During COVID, there was a realization of the benefits of having drug manufacturing located in the U.S., she said. While a trend toward reshoring began a few years ago, we’re hearing more about this lately, apparently inspired by the threat of tariffs, according to Sheng.

“We’ve seen a lot of these announcements recently from large-cap pharma, with Johnson & Johnson planning $55 billion, Eli Lilly about $27 billion, and I think for Novartis over the next five years it’s going to be about $50 billion of U.S. manufacturing,” Sheng said.

Another lesson from COVID was that supply chains are particularly vulnerable in less-developed countries, panelists said.

The idea of establishing domestic drug manufacturing in each country is not realistic, according to Generate:Biomedicines CEO Michael Nally. Still, he said, COVID taught us that many African countries need stronger drug-making infrastructure.

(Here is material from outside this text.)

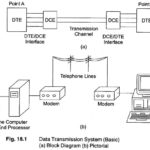 Data Transmission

While Steffen Thirstrup, M.D., Chief Medical Officer at the European Medicines Agency (EMA), agreed that Africa’s drug-making capacity needs to be strengthened, he said it’s more practical to work on overall improvements that ensure stronger supplies for all the larger regions, rather than trying to make each country self-sufficient in drug production.

“COVID showed us that our resilience against something like a pandemic is not good, but I think we should think about building global resilience that also has an impact on the regional level,” Thirstrup said.

The potential of unfettered global biotech

“The world has seen a great growth in cross-border global collaboration in the biotech sector over the last decade or more,” said moderator Damond.

A concrete example came from Anthony Japour, M.D., CEO of iTolerance, which is working on immunosuppression for transplantation. He said his firm built a connection with a Contract Development and Manufacturing Organization in Lithuania. “We did a global search for the best manufacturer based on cost but also in terms of ability to do what we need, and we found that the best company was in the EU,” Japour said.

The U.S. can also benefit from importing innovations like AI-assisted drug regulation, which can expedite approvals, said Erika Smith, CEO of EpiTET Therapeutics.

Given the science and public health benefits of a freer flow of resources and a more open supply chain, panelists agreed that tariffs would create a significant and unnecessary obstacle to biotech innovation. The heads of small biotechs noted that tariffs or other obstructions to global trade would reduce progress and increase costs for drug development.

Nally said tariffs will not be able to keep any technology within one country, as technology spreads around the world quickly.

“That genie is out of the bottle,” he said. “To pursue a protectionist agenda actually is trying to restrict progress in many respects, and I’m not sure there are great examples of where that has succeeded massively in the course of history.”

Rather than seeking to thwart the development of a global biotech ecosystem, we need to embrace the progress that is being achieved around the world, and is being driven even faster with AI, said panelists.

“If you think about all of the medical advances that have come out of this industry over the last 100 years, we now face the prospect of a similar level of productivity over the course of the next decade,” he said. “This will be the biological century.”